**Task item**
What is needed is a verbatim copy of the data, minus the pictures.

**Source data**
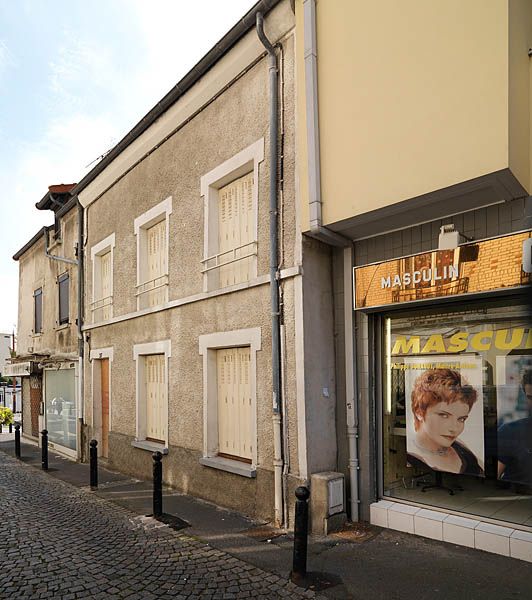 Orly, maison, 37 rue du Commerce. Elévation antérieure. Vue en hauteur de la rue.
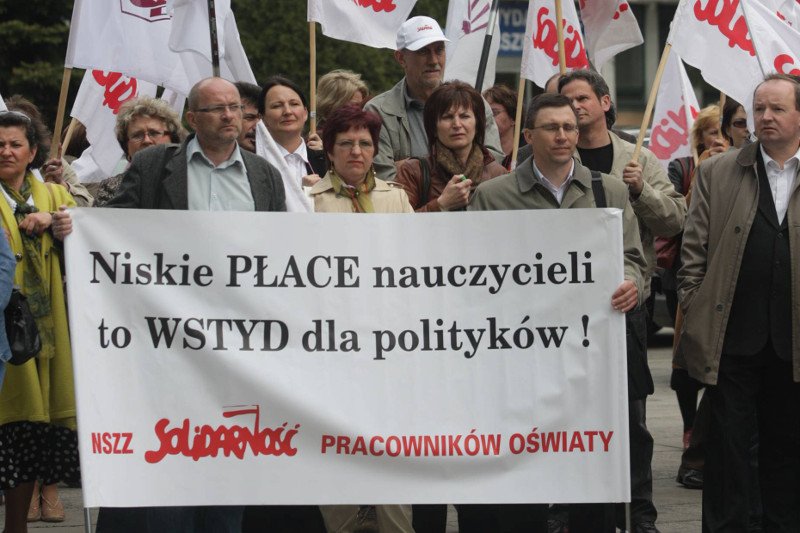 Protest nauczycielskiej "Solidarności" w 2008 r. w Kielcach.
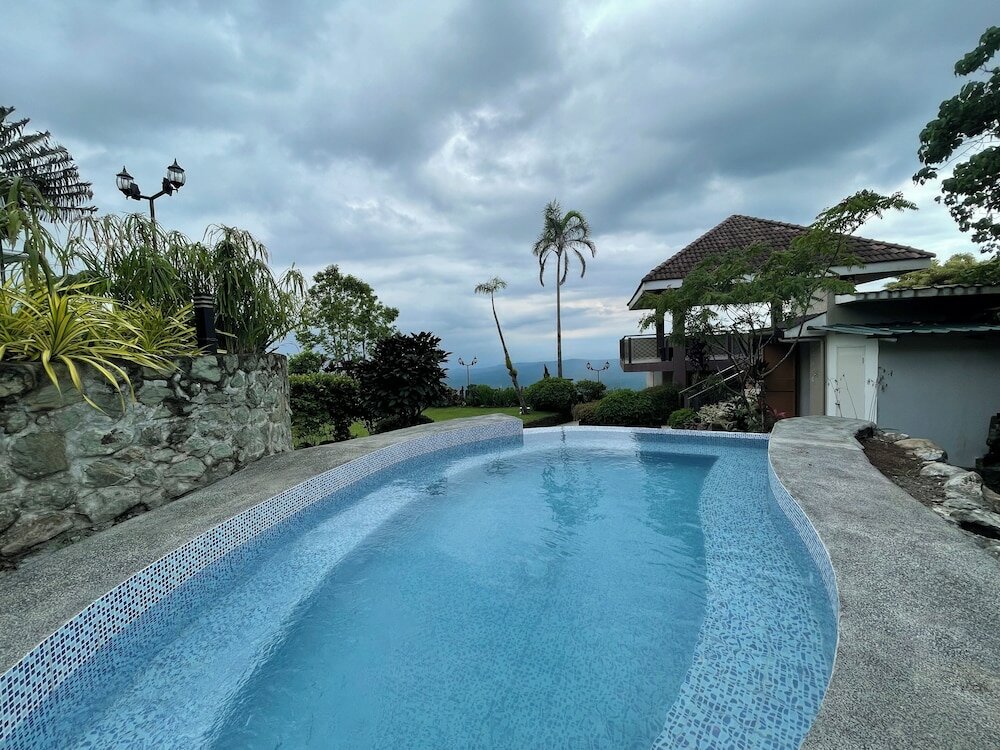 Фото Lakeview Suites by Cocotel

**Final answer**
 Orly, maison, 37 rue du Commerce. Elévation antérieure. Vue en hauteur de la rue.
 Protest nauczycielskiej "Solidarności" w 2008 r. w Kielcach.
 Фото Lakeview Suites by Cocotel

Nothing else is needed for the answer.